= Vivian Inez Archibald =

British Virgin Islander politician

Vivian Inez Archibald CBE (born 1 February 1945) is a British Virgin Islander politician and businesswoman who has served as the Deputy Governor of the British Virgin Islands since September 2008. On 21 August 2008, Meg Munn, who held the British ministerial portfolio for the Overseas Territories at the time, instructed the Governor of the British Virgin Islands to appoint Archibald as Deputy Governor. Inez Archibald took office as the British Virgin Islands' Deputy Governor on 15 September 2008.

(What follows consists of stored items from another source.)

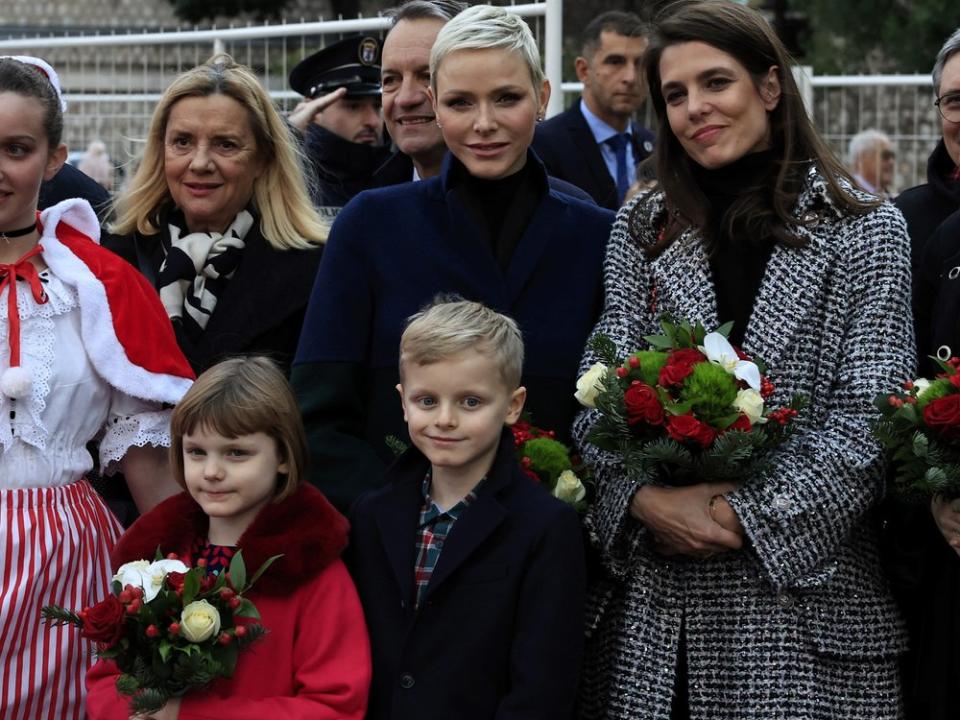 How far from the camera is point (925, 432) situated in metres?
3.38

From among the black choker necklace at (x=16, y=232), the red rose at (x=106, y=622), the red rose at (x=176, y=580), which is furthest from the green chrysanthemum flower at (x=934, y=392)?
the black choker necklace at (x=16, y=232)

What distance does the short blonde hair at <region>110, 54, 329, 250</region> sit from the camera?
4.67 meters

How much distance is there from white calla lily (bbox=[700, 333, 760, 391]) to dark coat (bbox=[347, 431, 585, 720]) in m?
0.50

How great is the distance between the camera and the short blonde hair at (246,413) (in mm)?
3580

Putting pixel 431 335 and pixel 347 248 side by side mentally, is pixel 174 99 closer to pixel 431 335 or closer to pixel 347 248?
pixel 347 248

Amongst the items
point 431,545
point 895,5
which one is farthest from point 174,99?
point 895,5

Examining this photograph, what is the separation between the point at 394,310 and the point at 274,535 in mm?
698

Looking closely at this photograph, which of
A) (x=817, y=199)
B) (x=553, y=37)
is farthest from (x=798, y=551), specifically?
(x=553, y=37)

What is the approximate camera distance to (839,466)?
3.51 m

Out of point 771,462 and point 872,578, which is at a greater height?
point 771,462

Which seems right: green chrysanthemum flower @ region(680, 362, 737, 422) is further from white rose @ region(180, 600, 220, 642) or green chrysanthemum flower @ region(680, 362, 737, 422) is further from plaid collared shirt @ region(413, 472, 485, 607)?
white rose @ region(180, 600, 220, 642)

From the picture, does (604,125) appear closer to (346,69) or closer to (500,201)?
(346,69)

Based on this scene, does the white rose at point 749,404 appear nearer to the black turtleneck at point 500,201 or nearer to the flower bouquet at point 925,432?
the flower bouquet at point 925,432

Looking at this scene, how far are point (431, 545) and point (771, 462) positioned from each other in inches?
32.4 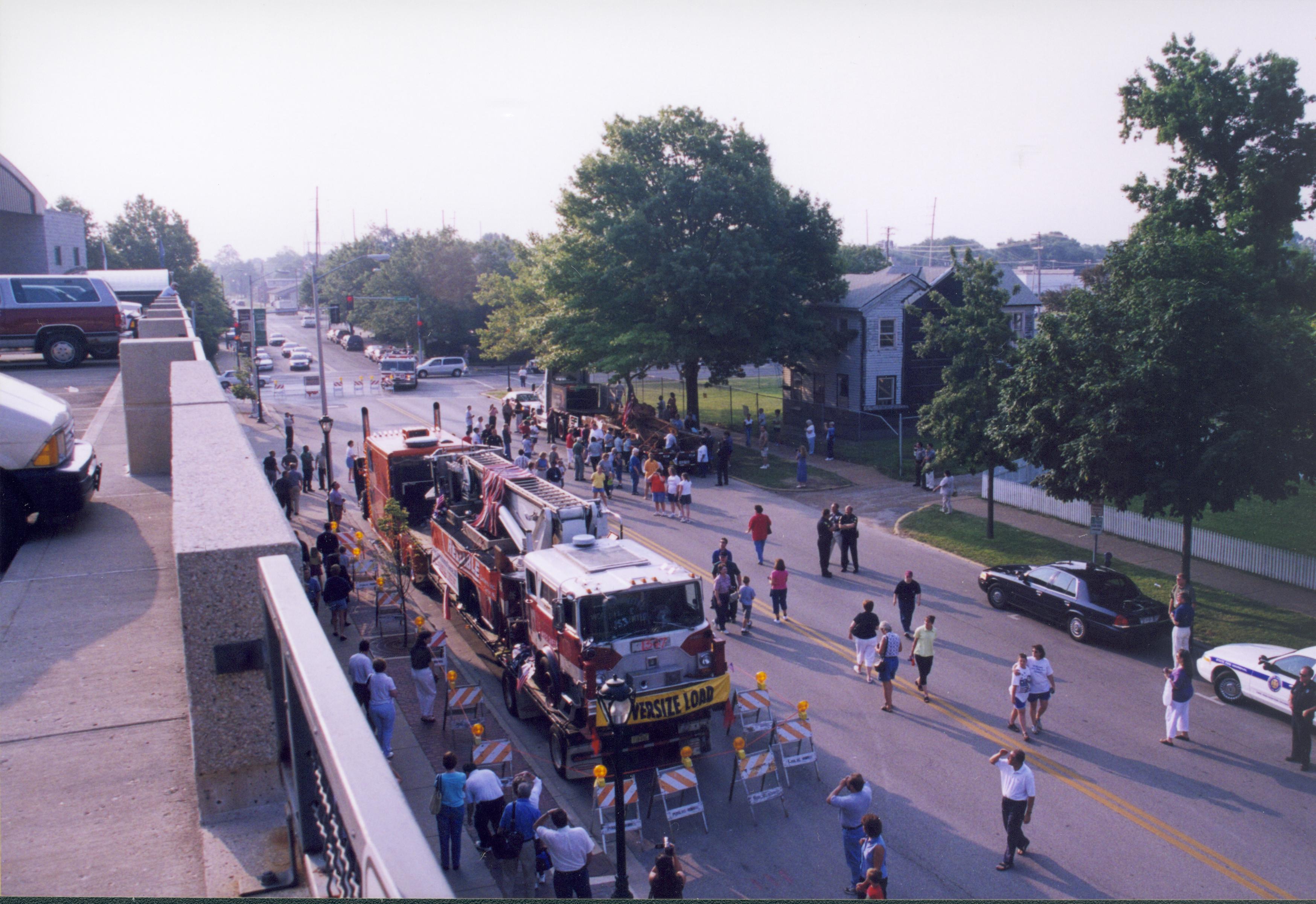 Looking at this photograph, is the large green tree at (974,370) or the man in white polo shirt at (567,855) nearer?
the man in white polo shirt at (567,855)

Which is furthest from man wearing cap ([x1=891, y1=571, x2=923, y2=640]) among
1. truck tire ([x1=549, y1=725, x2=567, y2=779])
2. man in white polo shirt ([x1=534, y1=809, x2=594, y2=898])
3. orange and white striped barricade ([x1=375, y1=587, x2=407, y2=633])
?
man in white polo shirt ([x1=534, y1=809, x2=594, y2=898])

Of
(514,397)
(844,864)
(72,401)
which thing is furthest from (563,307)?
(844,864)

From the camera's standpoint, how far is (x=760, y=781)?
12.9m

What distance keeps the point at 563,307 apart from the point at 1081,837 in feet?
104

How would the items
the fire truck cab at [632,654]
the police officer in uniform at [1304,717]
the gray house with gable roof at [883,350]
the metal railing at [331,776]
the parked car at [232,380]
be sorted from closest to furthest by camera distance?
1. the metal railing at [331,776]
2. the fire truck cab at [632,654]
3. the police officer in uniform at [1304,717]
4. the gray house with gable roof at [883,350]
5. the parked car at [232,380]

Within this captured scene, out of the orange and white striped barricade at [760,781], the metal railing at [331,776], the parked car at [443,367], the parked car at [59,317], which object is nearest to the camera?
the metal railing at [331,776]

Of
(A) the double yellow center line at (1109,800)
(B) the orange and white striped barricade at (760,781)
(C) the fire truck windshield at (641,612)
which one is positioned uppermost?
(C) the fire truck windshield at (641,612)

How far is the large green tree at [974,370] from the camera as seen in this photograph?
24.1m

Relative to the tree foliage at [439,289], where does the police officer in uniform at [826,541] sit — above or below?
below

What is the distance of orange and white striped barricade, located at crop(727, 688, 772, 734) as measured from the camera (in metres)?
13.7

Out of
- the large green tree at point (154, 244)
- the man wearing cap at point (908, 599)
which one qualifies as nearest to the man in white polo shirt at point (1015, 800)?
the man wearing cap at point (908, 599)

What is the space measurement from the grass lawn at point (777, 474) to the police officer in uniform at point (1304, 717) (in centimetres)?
1961

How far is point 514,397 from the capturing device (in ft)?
170

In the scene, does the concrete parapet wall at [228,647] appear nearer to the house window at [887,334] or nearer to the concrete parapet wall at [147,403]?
the concrete parapet wall at [147,403] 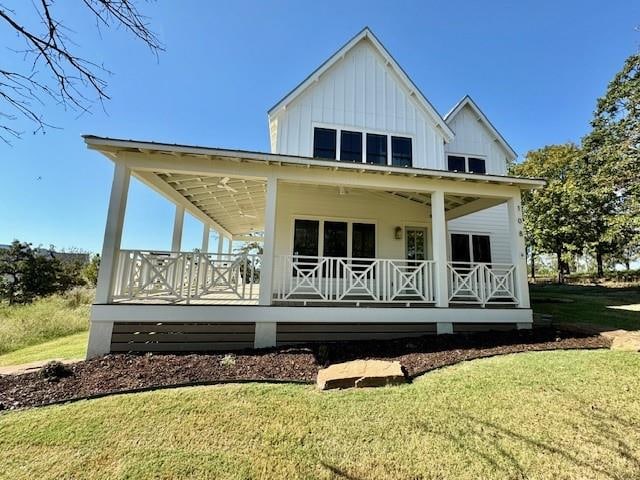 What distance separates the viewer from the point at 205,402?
3.87 metres

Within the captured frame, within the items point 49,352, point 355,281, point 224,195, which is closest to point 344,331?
point 355,281

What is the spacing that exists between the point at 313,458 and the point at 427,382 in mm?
2248

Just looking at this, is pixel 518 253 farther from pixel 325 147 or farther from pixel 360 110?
pixel 360 110

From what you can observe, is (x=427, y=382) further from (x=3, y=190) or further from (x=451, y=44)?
(x=451, y=44)

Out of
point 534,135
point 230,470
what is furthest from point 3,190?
point 534,135

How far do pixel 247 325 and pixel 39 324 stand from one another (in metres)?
8.38

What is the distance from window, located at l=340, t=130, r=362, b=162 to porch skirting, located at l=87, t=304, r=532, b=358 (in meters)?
5.29

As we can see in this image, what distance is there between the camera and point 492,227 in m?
11.4

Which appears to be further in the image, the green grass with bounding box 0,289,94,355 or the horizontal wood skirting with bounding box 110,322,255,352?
the green grass with bounding box 0,289,94,355

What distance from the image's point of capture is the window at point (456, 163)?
1168 cm

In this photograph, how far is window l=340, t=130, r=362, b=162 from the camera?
9836 mm

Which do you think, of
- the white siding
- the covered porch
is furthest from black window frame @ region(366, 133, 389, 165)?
the white siding

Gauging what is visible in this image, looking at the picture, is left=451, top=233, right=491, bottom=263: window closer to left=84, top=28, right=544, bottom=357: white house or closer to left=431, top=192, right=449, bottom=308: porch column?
left=84, top=28, right=544, bottom=357: white house

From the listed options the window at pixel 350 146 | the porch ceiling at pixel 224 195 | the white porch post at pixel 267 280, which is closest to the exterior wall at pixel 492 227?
the window at pixel 350 146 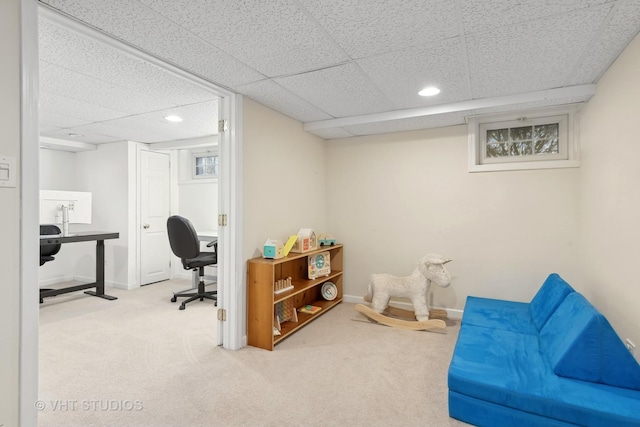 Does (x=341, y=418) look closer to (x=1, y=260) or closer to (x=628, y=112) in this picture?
(x=1, y=260)

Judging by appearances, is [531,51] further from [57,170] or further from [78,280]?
[78,280]

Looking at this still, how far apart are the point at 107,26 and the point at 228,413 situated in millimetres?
2182

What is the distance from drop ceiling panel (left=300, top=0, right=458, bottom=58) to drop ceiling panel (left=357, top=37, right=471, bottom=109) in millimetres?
117

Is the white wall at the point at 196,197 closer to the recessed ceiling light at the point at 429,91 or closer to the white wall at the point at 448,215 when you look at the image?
the white wall at the point at 448,215

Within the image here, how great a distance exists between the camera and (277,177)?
10.5ft

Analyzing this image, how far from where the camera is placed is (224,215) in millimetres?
2709

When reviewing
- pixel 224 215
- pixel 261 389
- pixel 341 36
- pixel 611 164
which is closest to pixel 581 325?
pixel 611 164

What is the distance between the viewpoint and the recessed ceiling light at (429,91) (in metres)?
2.59

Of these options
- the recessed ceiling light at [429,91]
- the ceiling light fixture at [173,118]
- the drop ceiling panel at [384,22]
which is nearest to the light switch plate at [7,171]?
A: the drop ceiling panel at [384,22]

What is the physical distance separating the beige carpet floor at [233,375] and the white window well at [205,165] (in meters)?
2.44

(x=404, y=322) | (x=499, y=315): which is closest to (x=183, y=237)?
(x=404, y=322)

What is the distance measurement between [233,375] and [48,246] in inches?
124

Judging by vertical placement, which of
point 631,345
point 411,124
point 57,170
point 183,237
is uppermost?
point 411,124

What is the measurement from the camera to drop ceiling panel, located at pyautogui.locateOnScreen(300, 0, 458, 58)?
1.53 meters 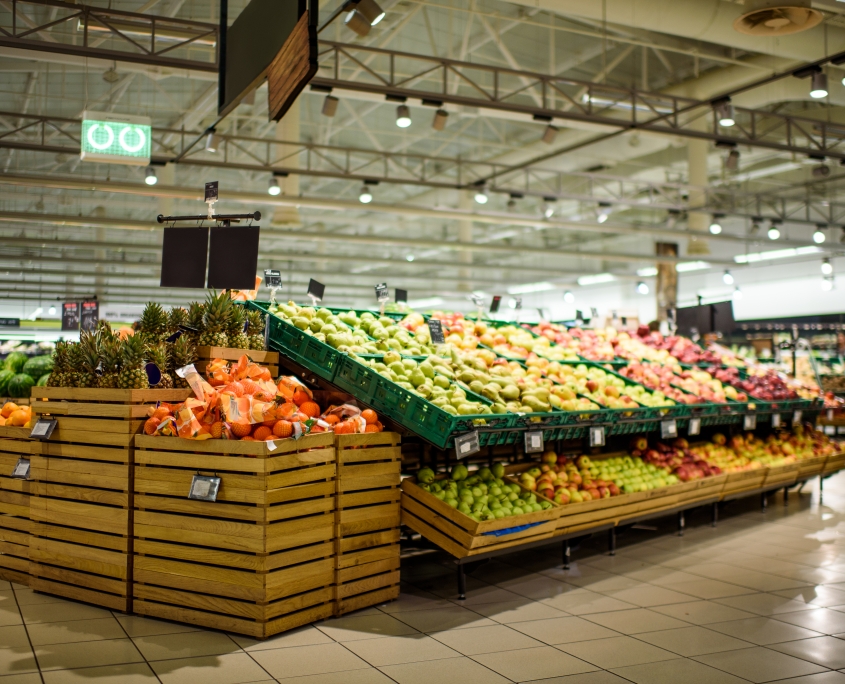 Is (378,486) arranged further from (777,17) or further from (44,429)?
(777,17)

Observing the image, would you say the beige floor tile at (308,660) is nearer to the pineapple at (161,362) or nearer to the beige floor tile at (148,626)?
the beige floor tile at (148,626)

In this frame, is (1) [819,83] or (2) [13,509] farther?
(1) [819,83]

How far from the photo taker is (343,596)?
399cm

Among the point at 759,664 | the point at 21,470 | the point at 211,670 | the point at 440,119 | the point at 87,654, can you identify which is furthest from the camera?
the point at 440,119

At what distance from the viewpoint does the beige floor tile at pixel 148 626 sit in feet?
11.9

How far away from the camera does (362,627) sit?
3.83 meters

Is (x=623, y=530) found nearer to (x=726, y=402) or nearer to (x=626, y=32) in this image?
(x=726, y=402)

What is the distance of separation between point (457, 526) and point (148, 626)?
175 cm

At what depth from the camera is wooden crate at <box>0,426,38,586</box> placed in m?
4.49

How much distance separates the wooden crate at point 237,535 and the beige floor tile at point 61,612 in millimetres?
251

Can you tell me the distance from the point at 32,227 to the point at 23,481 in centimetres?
2057

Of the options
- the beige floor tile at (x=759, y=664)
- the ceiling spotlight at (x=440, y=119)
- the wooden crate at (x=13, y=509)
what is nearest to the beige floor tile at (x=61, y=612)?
the wooden crate at (x=13, y=509)

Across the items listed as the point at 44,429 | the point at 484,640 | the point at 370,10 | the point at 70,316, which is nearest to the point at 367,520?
the point at 484,640

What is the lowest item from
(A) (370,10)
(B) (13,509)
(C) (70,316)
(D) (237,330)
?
(B) (13,509)
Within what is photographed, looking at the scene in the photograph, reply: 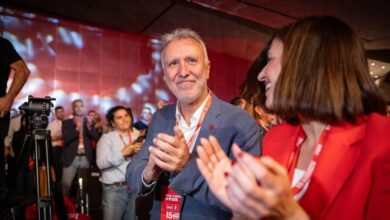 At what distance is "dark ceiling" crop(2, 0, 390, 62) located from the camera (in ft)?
21.1

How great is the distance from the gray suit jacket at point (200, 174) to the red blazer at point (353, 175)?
1.62ft

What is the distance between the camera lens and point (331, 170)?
1.02 meters

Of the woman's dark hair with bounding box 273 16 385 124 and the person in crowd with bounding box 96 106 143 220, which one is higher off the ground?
the woman's dark hair with bounding box 273 16 385 124

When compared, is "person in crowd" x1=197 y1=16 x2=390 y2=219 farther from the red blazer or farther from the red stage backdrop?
the red stage backdrop

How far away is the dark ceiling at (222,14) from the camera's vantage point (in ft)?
21.1

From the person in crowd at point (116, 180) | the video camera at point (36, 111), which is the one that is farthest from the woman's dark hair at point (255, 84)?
the person in crowd at point (116, 180)

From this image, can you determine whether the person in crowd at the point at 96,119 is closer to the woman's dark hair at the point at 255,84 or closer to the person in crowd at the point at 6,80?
the person in crowd at the point at 6,80

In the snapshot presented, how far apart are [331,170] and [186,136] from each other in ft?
2.67

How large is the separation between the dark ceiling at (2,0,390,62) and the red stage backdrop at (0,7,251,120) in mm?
281

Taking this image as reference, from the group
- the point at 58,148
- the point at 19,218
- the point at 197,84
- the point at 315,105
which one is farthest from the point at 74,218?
the point at 58,148

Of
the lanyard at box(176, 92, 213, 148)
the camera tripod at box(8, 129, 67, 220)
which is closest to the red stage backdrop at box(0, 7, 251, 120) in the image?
the camera tripod at box(8, 129, 67, 220)

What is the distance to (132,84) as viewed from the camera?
904cm

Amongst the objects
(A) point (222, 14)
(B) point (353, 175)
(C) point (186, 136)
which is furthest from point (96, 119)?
(B) point (353, 175)

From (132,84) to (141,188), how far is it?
7.67 meters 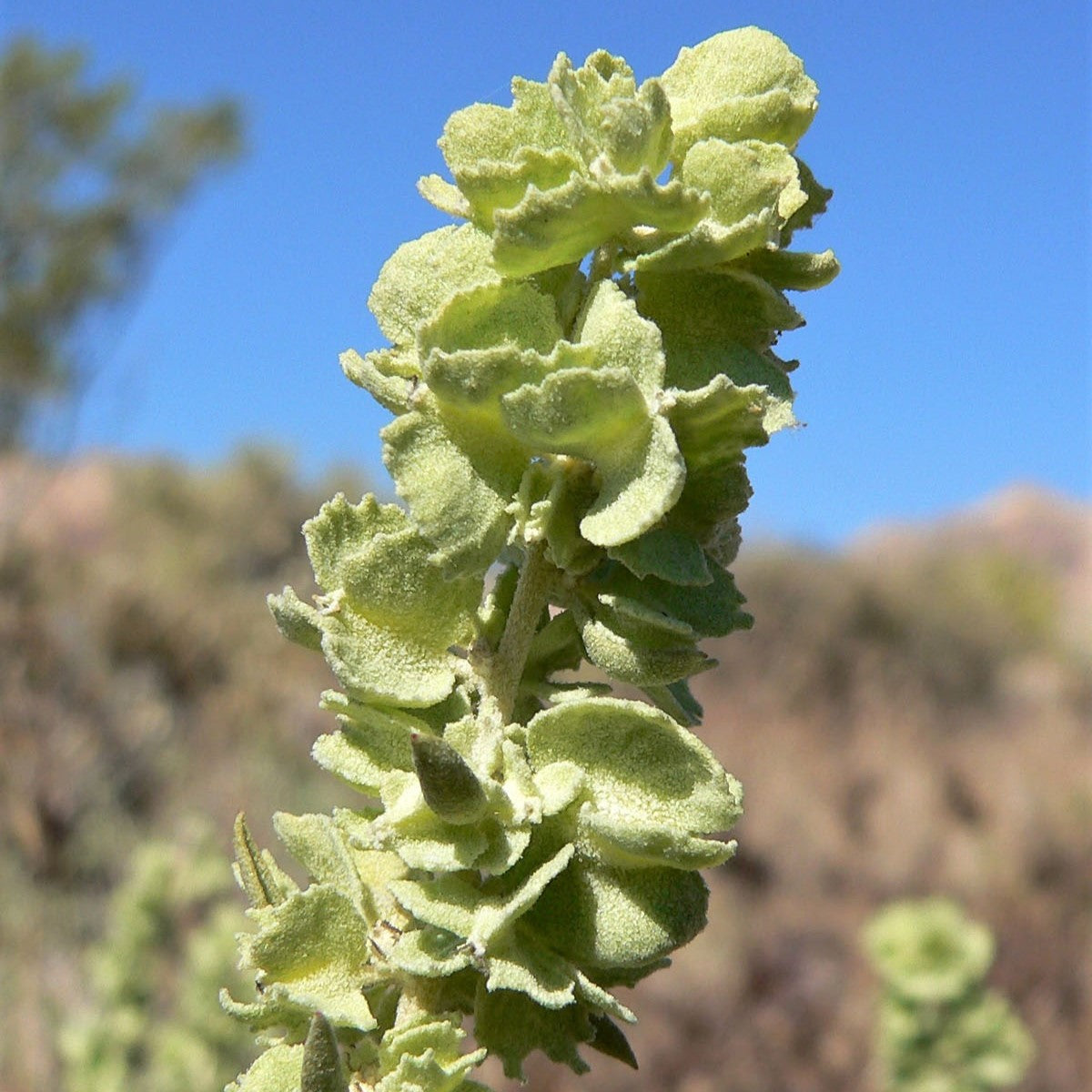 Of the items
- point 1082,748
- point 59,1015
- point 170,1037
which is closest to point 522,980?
point 170,1037

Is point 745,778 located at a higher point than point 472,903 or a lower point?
higher

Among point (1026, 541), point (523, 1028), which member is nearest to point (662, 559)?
point (523, 1028)

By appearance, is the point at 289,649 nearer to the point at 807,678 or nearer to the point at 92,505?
the point at 807,678

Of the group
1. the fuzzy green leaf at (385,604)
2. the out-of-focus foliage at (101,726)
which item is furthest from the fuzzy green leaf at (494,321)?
the out-of-focus foliage at (101,726)

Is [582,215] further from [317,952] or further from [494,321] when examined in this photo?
[317,952]

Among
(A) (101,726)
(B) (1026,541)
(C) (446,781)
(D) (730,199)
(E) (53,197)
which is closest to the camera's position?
(C) (446,781)

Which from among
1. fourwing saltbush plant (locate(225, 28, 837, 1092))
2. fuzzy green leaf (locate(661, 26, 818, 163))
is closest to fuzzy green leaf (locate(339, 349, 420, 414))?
fourwing saltbush plant (locate(225, 28, 837, 1092))

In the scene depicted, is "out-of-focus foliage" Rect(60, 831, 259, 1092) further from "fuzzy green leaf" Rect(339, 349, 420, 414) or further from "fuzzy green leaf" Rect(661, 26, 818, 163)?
Answer: "fuzzy green leaf" Rect(661, 26, 818, 163) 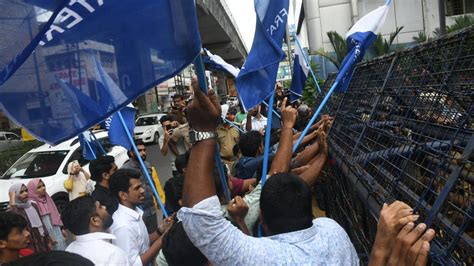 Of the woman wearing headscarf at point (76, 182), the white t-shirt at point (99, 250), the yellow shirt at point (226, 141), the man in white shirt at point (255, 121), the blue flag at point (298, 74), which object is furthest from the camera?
the man in white shirt at point (255, 121)

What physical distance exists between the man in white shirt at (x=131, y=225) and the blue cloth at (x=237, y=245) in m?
1.18

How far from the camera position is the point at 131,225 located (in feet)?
9.87

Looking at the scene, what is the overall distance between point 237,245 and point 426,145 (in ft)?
3.37

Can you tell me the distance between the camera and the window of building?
2067 centimetres

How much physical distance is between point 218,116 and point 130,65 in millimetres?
374

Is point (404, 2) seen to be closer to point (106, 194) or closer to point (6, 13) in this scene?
point (106, 194)

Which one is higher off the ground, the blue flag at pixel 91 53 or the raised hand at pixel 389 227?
the blue flag at pixel 91 53

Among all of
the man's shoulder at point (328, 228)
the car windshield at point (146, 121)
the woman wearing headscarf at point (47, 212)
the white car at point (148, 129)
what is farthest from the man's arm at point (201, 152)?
the car windshield at point (146, 121)

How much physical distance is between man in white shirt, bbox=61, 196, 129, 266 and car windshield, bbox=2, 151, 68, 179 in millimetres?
6585

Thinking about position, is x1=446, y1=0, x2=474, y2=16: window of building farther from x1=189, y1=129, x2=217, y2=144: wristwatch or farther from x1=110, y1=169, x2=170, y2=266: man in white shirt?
x1=189, y1=129, x2=217, y2=144: wristwatch

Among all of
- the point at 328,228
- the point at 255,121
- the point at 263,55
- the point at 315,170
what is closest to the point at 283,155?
the point at 315,170

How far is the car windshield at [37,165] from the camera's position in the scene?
348 inches

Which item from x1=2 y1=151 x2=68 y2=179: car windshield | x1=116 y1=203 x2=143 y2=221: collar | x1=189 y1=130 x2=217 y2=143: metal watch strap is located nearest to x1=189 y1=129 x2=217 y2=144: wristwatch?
x1=189 y1=130 x2=217 y2=143: metal watch strap

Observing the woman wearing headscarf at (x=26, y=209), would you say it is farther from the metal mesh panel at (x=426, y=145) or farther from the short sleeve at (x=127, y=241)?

Archibald holds a bachelor's degree in economics and business administration from Rollins College. She also received a master's degree in religion from Stetson University and a second master's degree in divinity from Emory University.

Archibald's husband of forty-eight years, prominent British Virgin Islands lawyer Joseph Archibald, died on 3 April 2014. They had three daughters.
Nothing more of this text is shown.